> DIRECTIONS
Only the lines below, from the one with "Hot Wheels 2" through the one with "Ganni Rubber Country", are to be written out, exactly.

> INFORMATION SUPPLIED
+ + + + +

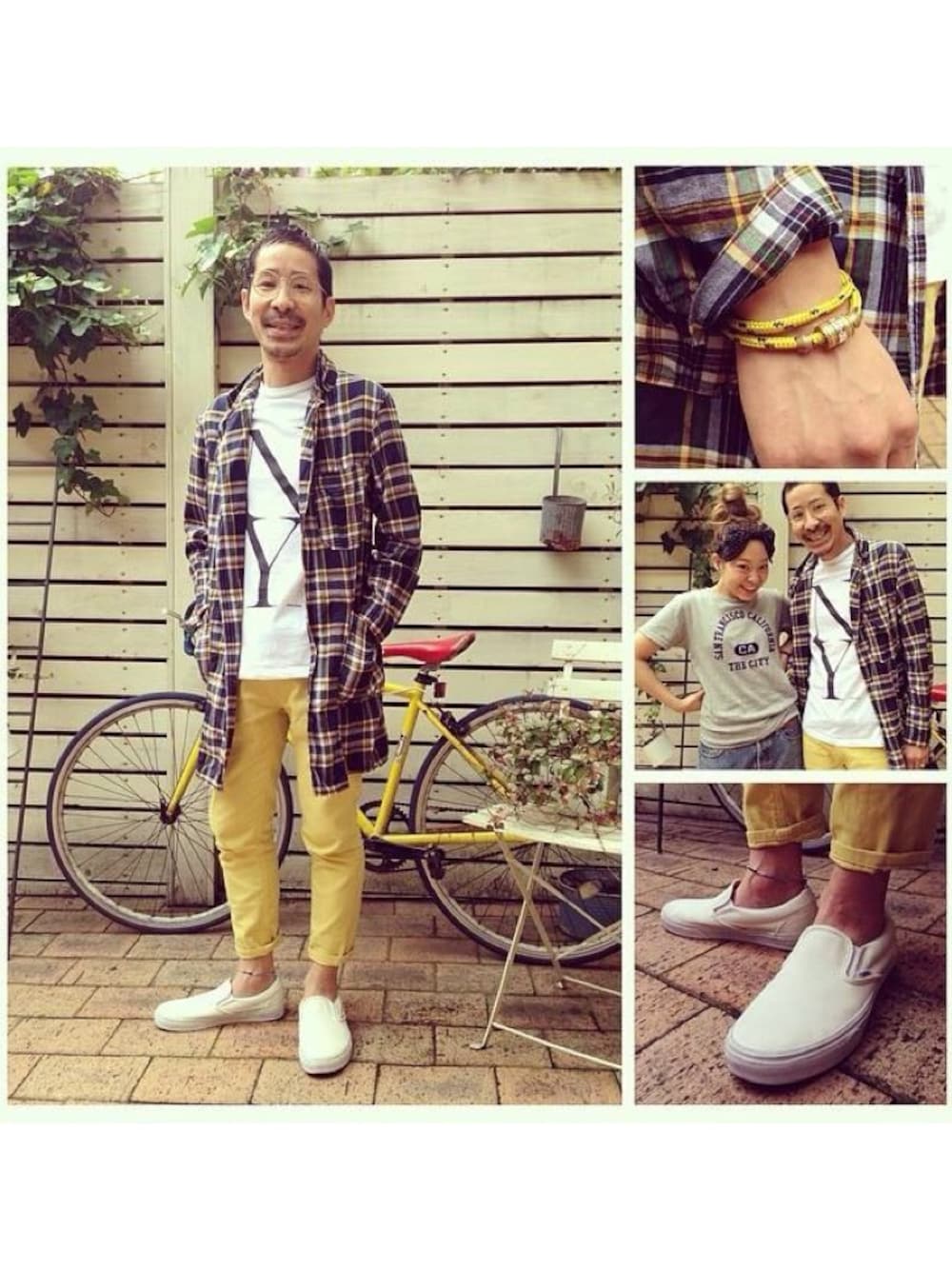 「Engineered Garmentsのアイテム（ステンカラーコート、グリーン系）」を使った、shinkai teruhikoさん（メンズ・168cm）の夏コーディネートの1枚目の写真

+ + + + +

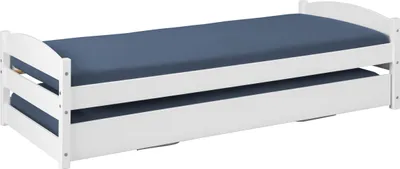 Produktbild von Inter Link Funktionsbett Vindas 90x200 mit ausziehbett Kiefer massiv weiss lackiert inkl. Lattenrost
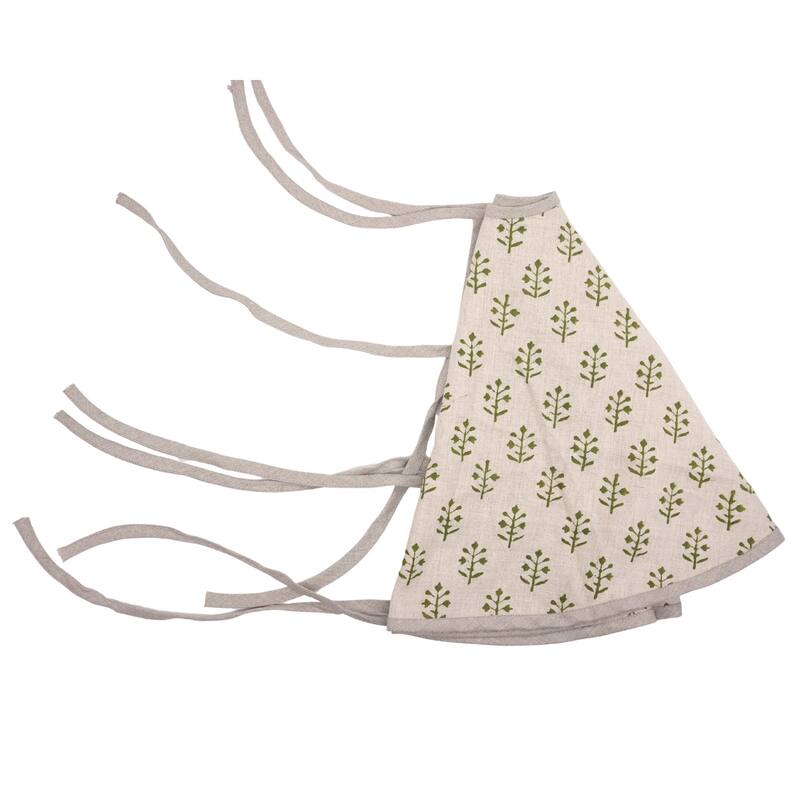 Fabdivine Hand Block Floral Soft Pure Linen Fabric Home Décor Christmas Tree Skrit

+ + + + +

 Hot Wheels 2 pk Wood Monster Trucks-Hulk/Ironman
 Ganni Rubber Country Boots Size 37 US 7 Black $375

+ + + + +

> OUTPUT FOR THIS EXERCISE
 Hot Wheels 2 pk Wood Monster Trucks-Hulk/Ironman
 Ganni Rubber Country Boots Size 37 US 7 Black $375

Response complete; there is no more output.